Characterizing non-linear patterns in range shifts through time

Species ranges are shifting in response to climate change. It is expected that species ranges will move poleward to track their climate envelope, but ranges are non-contiguous. Different edges of a range may shift in different ways and at different rates, creating non-linear patterns.

Non-linear dynamics dominate in tree species, but are largely stochastic

Using the Python package ecospat to identify the range edges of 83 North American tree species and their movement from the 1960s to 2025, we found that only 15.3% of species had expanded poleward, while the majority (58.3%) of species exhibited non-linear (i.e., pull-apart or reabsorption) dynamics. While stability versus movement was evolutionarily conserved, the types of movement was not. Further, movement types were not explained by differences in historical versus modern environmental variables, suggesting that range dynamics are largely stochastic.

While the majority of students only consider range shifts, expansions, or contractions, there many be other elements of a species range that matter, such as shape or patchiness 1. However, we are limited by human proclivities in what we consider important for range dynamics.

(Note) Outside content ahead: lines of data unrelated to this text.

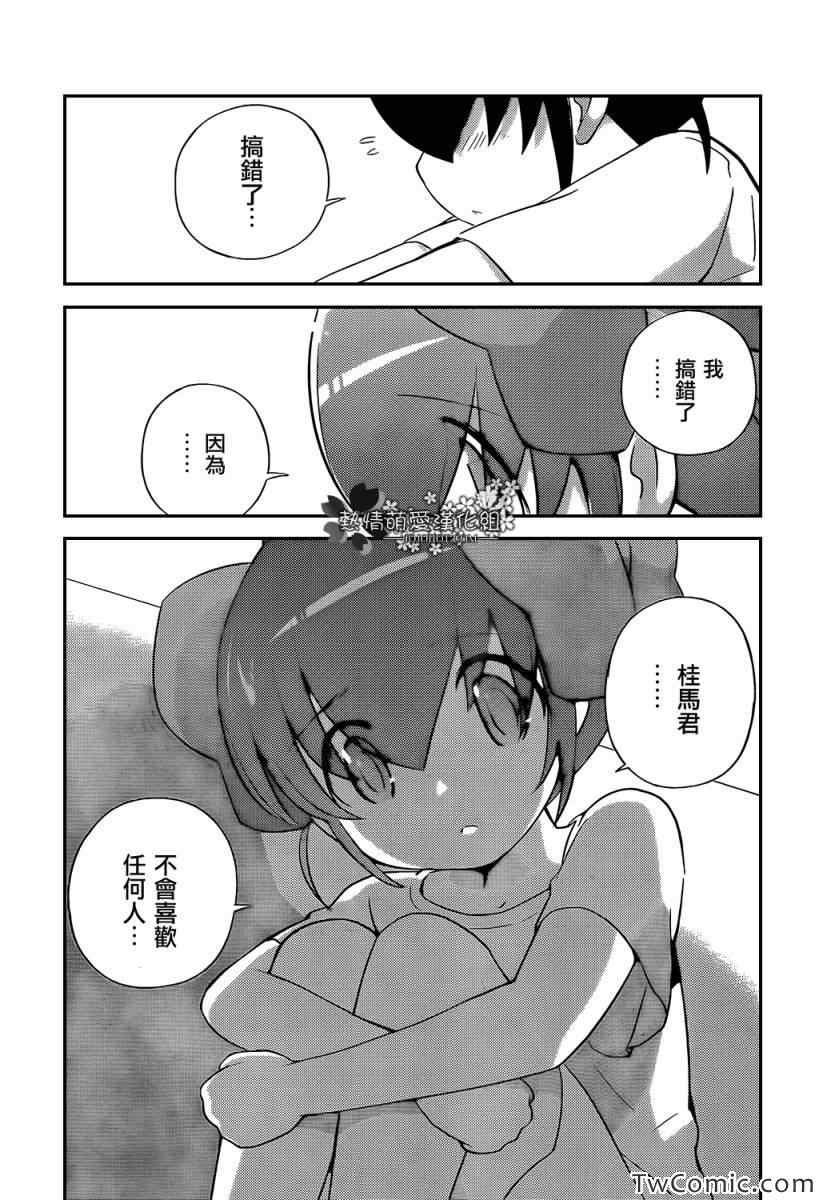 第238话 Smiles and Villans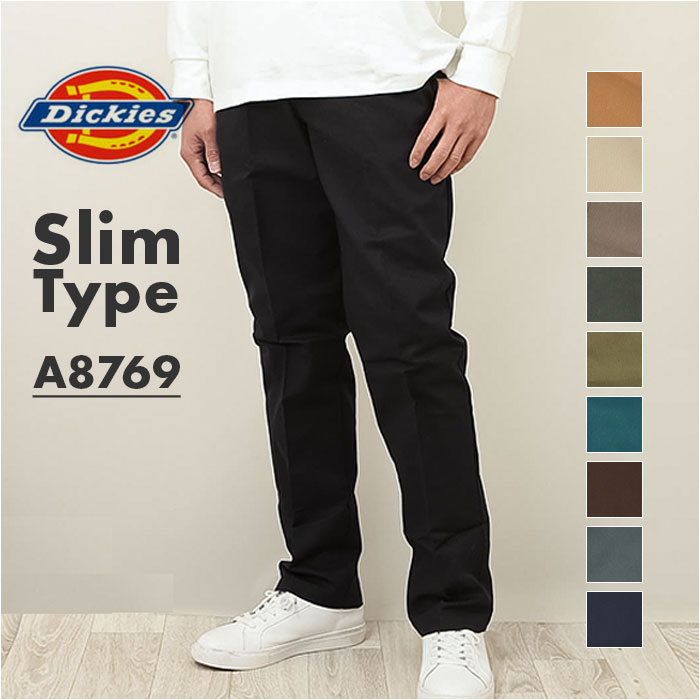 DICKIES ディッキーズ スケートボーディングパンツ A8769 楽天 ストレートパンツ ズボン 長ズボン パンツ スリムパンツ ワークパンツ ストレート スリム 柔軟性 使いやすさ 動きやすさ カジュアル スケートボーディング スケートボード スケボー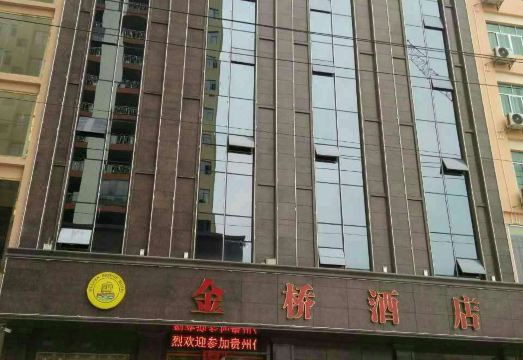 Tianzhu Jinqiao Hotel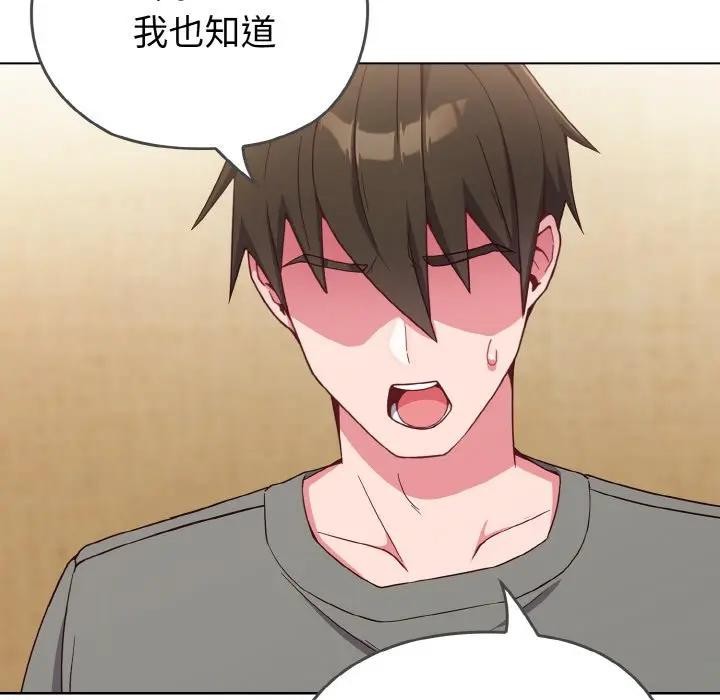 恋上年上的她第1话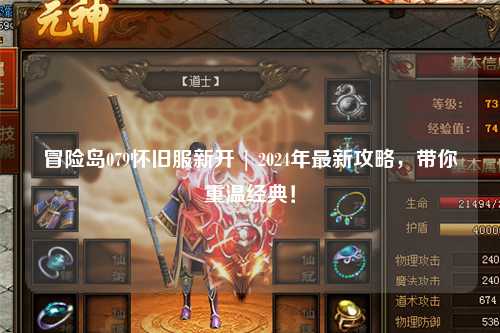 冒险岛079怀旧服新开 | 2024年最新攻略,带你重温经典!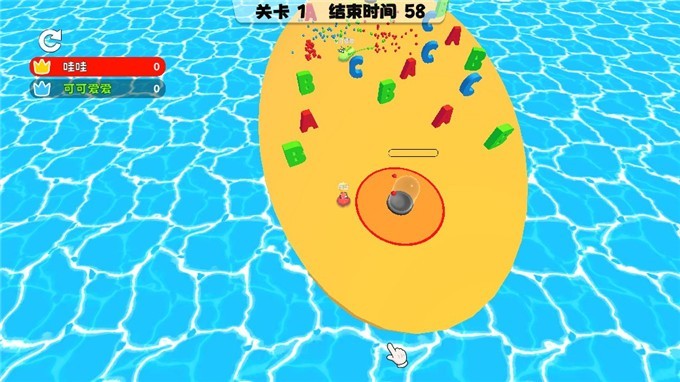 偷家贪吃蛇截图1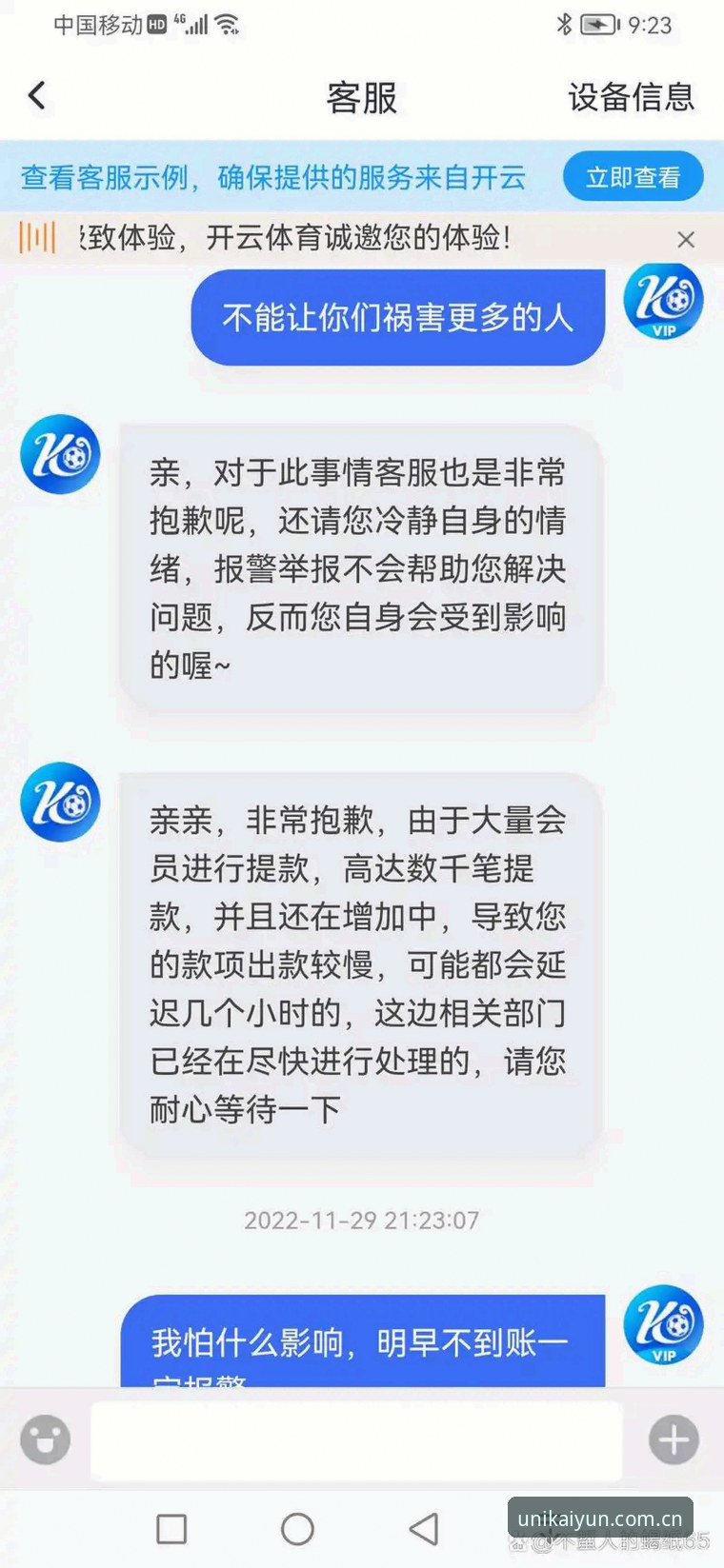 3个关键维度：开云体育苹果版下载对比的亲测体验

Using heterogenous graph neural networks to characterize temporal shifts in North American bird ranges

Harnessing the power of eBird occurrence data and AI, we are using heterogeneous graph neural networks (GNN), Neural Ordinary Differential Equations (NODEs), and the environmental, phylogenetic, temporal, and spatial relationships of 75 bird species with year-round ranges in Tennessee to: 1) learn what aspects of a range matter for spatial dynamics and characterize patterns of range movement through time and 2) create a continental-scale generative range environment from which fine-scale digital twins of areas important to Tennessee ecosystems will be instantiated and manipulated (e.g., population collapse, altered spatial connectivity, novel climates) to test hypotheses in silico and optimize management decisions in the real world.


Deliverables

Funded by the Tennessee Human-AI Readiness & Innovation (THRIVE) initiative.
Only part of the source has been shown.